For global corporations, Wuhan is an important hub. Of about 2,000 cities in China with factories and other facilities in Bloomberg’s supply chain database, the city ranks 13th, with about 500 facilities. The province of Hubei has 1,016, making it seventh of 32 such jurisdictions. U.S.-based companies have 44 facilities there, and European ones about 40, the data show. Many plants are in the auto and transportation industries, and big names include PepsiCo Inc. and Siemens AG.
As the death toll from the pneumonia-like illness rises and cases are found in neighboring Asian countries, including South Korea and Singapore, as well as in the U.S., the economic impact of the novel coronavirous could be widespread.
Here is a rundown of what big companies are saying so far about the impact.
Honda Motor Co.
The automaker will evacuate from Wuhan about 30 Japanese staff, family members and employees visiting on business trips, Teruhiko Tatebe, a Tokyo-based spokesman, said by phone. The carmaker has informed the Japanese government that it wishes to utilize the charter jet planned to evacuate Japanese citizens. A handful of staff needed to maintain local operations will remain in the city.
The French maker of Peugeot cars and other brands said it will evacuate its expatriate staff and their families from the Wuhan area. A total of 38 people will leave, the company said in a statement.
Hennes and Mauritz AB
The clothing retailer better known as H&M has closed a total of 13 stores in the region. Svenska Dagbladet reported. China is the company’s 5th biggest market in terms of revenue, with 524 stores as of Aug. 31.
Ikea closed its warehouse in Wuhan on Thursday, according to the same report.
Remy Cointreau SA
The French cognac maker abandoned its forecasts for this year after a slump in Hong Kong dented sales in the Christmas period and as the viral outbreak threatens business in China, the source of 20% of its profit, according to Jefferies estimates. “Clearly we are concerned,” Chief Financial Officer Luca Marotta said of the coronavirus on an earnings conference call. “We do not have any scenarios on a quantified basis. It is evolving hour after hour.’’
The fast-food giant, which had about 3,000 stores in China at the end of 2018, temporarily closed locations across five cities of the Hubei province due to the virus, including Wuhan. The Chicago-based company is taking extra preventative measures in the rest of the country, including taking the temperature of workers upon arrival and giving out hand sanitizers to diners.
Walt Disney Co.
The world’s largest theme park operator said it would close its Disneyland resort in Shanghai effective Jan. 25. The company is offering refunds to guests who bought theme park tickets or reserved rooms in its hotels. “We will continue to carefully monitor the situation and be in close contact with the local government, and we will announce the reopening date upon confirmation,” it said in a statement.
The Seattle-based chain, with about 4,100 cafes in China, also said it’s closing some locations, without providing more details.
Delta Air Lines Inc.
The Atlanta-based carrier issued a travel waiver that allows passengers traveling to, from or through Beijing and Shanghai between Jan. 24 and Jan. 31 to change their itinerary once without having to pay a fee.
Wynn Resorts Ltd.
The Chinese Lunar New Year is peak time for profits at casino operators. Authorities in Macau, the world’s largest gambling market, are requiring casinos to screen guests for high temperatures and make their staff wear respirator masks. Many Chinese tourists are also heading to Las Vegas to celebrate. “Although as of this date there are no reported cases of the coronavirus in Las Vegas that we are aware of, we will be in close contact with the Southern Nevada Health District who is monitoring the situation along with the CDC,” the company said in a statement. “We will implement any health directive they issue.”

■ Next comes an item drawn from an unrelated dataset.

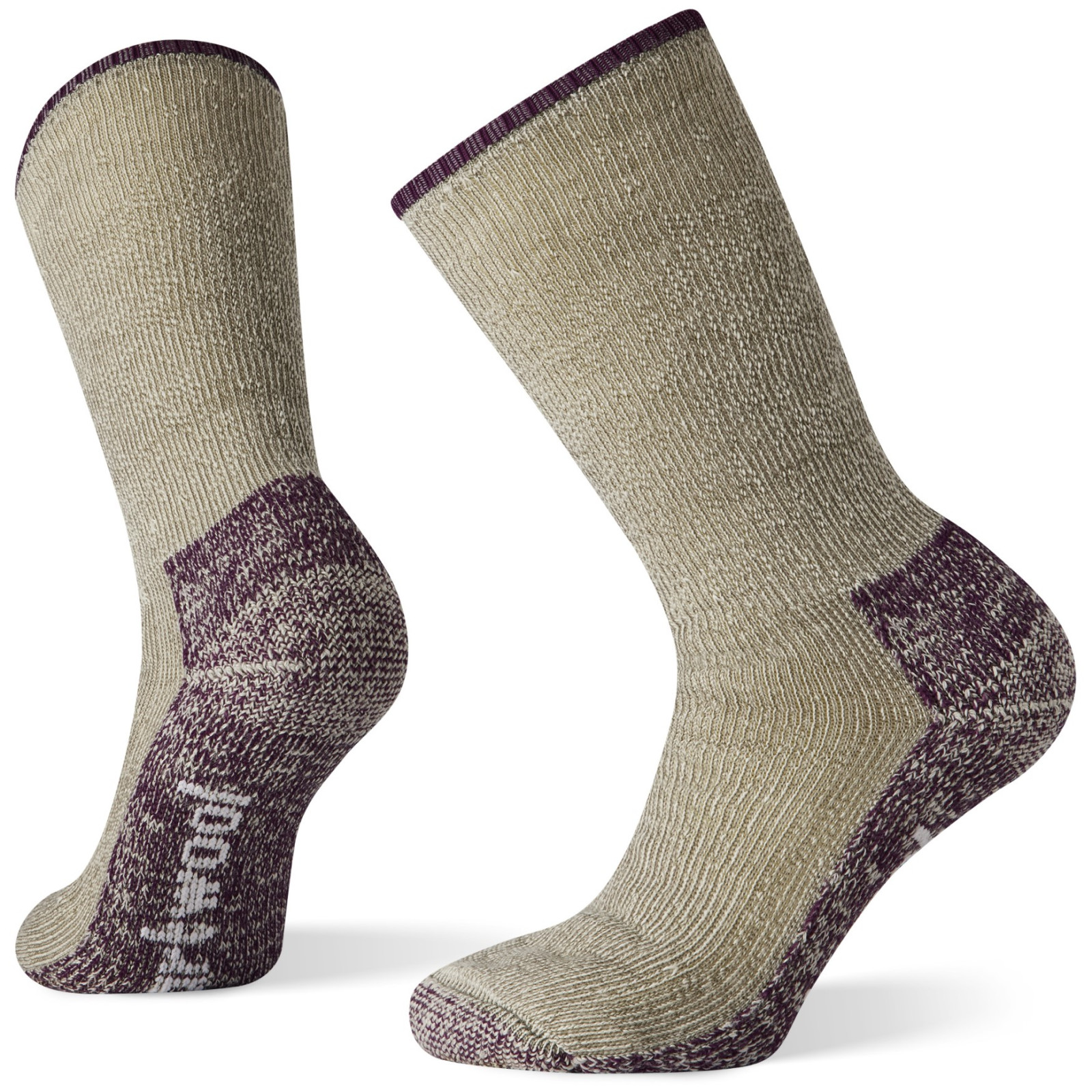 Skarpety damskie Smartwool W Classic Mountaineer Maximum Cushion Crew Rozmiar skarpet: 38-41 / Kolor: fioletowy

The Phoenix-based distributor of computer products and semiconductors said it hadn’t seen an impact so far. “But if it gets worse and they start shutting down airplanes, et cetera, then that will have a different effect on shipments out of China,” CEO Bill Amelio said on a conference call. Asked whether the area is a meaningful region from an electronics manufacturing perspective, Amelio answered: “Of course, it is.’’
American Airlines Group Inc.
President Robert Isom said it is too soon to see an impact. “Our network isn’t that extensive in Asia. But we’re on top of it,” he said on a conference call. “We’ve seen viruses in the past that we’ve had to make accommodations for and to be prepared for, we’re doing all those same things right now.”
The Singapore-based owner of the largest oil-rig builder, which has about 170 employees in Wuhan and operations across China, said it hadn’t seen a direct impact either. “We have advised our operations there and our staff there to take the necessary precautions. We are watching this very closely,” CEO Loh Chin Hua said on an earnings call.
United Airlines Holdings Inc.
The U.S. carrier was among the first global corporations to comment on the coronavirus on an earnings conference call. “We’ve been coordinating closely with the CDC to ensure that we’re taking all the necessary steps to ensure that our customers and employees can travel safely,” CEO Oscar Munoz said. “By working closely together, we have in the past effectively managed situations like this.”